Karstic submarine groundwater discharge into the Mediterranean: Radon-based nutrient fluxes in an anchialine cave and a basin-wide upscaling

Anchialine caves are common in Mediterranean karstic shorelines and elsewhere, delivering point-source fresh groundwater and nutrients to the coastal ocean. Here, we first quantified submarine groundwater discharge (SGD) in a typical karstic system (Zaton Bay, Croatia) receiving groundwater from anchialine caves using a radon (²²²Rn) mass balance model. We then combine our new observations with the literature to provide a Mediterranean-scale estimate of karstic fresh SGD nutrient fluxes.
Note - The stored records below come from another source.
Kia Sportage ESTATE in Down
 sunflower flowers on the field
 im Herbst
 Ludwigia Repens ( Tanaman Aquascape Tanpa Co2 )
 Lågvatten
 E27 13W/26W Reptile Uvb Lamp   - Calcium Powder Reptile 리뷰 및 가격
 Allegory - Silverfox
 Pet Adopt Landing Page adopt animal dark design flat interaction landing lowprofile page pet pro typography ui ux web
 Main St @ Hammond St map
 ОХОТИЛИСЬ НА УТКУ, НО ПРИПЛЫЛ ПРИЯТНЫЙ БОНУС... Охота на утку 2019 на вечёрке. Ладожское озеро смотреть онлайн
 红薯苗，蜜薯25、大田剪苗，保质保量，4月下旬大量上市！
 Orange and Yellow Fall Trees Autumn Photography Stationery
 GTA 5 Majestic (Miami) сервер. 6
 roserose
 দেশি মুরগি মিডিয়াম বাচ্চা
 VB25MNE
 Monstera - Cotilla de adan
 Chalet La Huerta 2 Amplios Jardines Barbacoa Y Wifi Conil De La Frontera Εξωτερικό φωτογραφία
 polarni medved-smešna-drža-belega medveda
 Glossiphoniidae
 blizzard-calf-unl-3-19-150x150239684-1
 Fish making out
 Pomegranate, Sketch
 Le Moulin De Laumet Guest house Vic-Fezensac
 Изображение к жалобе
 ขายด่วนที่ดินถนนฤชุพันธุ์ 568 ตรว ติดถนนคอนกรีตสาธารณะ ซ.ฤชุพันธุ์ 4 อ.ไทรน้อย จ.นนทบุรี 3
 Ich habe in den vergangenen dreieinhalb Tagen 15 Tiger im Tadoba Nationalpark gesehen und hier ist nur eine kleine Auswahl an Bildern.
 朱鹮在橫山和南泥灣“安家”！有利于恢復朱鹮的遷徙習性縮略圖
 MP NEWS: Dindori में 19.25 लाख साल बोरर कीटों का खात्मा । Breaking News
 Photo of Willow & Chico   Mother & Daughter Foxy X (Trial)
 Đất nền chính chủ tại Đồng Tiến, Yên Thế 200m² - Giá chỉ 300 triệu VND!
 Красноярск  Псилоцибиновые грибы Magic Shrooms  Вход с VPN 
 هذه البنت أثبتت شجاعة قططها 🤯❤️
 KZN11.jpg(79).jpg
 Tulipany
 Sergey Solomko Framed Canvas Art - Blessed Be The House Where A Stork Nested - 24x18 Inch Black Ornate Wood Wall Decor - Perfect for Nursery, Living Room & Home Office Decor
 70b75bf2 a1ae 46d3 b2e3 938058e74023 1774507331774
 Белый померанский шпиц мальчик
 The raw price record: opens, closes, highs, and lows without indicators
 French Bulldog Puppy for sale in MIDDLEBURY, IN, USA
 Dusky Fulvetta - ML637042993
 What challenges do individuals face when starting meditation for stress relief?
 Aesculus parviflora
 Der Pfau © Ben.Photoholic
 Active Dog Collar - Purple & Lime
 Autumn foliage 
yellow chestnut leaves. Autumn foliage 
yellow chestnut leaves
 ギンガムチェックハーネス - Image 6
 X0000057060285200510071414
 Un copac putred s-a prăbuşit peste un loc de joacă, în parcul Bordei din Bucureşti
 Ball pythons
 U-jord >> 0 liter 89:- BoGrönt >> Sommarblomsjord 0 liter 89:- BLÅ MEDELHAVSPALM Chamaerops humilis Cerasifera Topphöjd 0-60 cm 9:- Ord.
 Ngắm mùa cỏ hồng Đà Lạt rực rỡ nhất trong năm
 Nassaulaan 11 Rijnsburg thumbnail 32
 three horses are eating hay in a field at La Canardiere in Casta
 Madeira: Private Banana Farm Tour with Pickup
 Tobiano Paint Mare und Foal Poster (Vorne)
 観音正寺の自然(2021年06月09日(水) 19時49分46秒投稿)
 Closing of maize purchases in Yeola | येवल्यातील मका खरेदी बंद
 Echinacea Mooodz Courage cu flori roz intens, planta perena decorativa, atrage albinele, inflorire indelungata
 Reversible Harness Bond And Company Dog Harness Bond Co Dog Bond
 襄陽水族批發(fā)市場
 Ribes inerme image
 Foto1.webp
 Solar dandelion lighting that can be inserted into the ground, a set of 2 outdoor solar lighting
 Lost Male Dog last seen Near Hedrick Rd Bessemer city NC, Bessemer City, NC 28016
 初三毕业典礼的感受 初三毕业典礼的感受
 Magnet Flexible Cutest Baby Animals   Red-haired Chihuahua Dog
We found that SGD and related nutrient fluxes in the upper brackish layer were much higher than those in the underlying layer in Zaton Bay. In the upper brackish layer, both SGD (m d⁻¹) and associated nutrient fluxes (mmol m⁻² d⁻¹) in the wet season (SGD: 0.29–0.40; DIN: 52; DIP: 0.27) were significantly higher than those in the dry season (SGD: 0.15; DIN: 22; DIP: 0.08). Red tides were observed in the wet season but not in the dry season. Nutrient budgets imply that SGD accounted for >98% of the total dissolved inorganic nitrogen (DIN) and phosphorous (DIP) sources into Zaton Bay. These large SGD nutrient fluxes with high N/P ratios (190–320) likely trigger and sustain red tide outbreaks. Combining our results with 30 previous studies in the region revealed that point-source DIN and DIP fluxes via karstic fresh SGD may account for 8–31% and 1–4%, respectively, of riverine inputs in the Mediterranean Sea. Overall, we demonstrate the importance of karstic SGD as a source of new nutrients with high N/P ratios to the Mediterranean Sea and emphasize how SGD lagging precipitation can drive red tide outbreaks.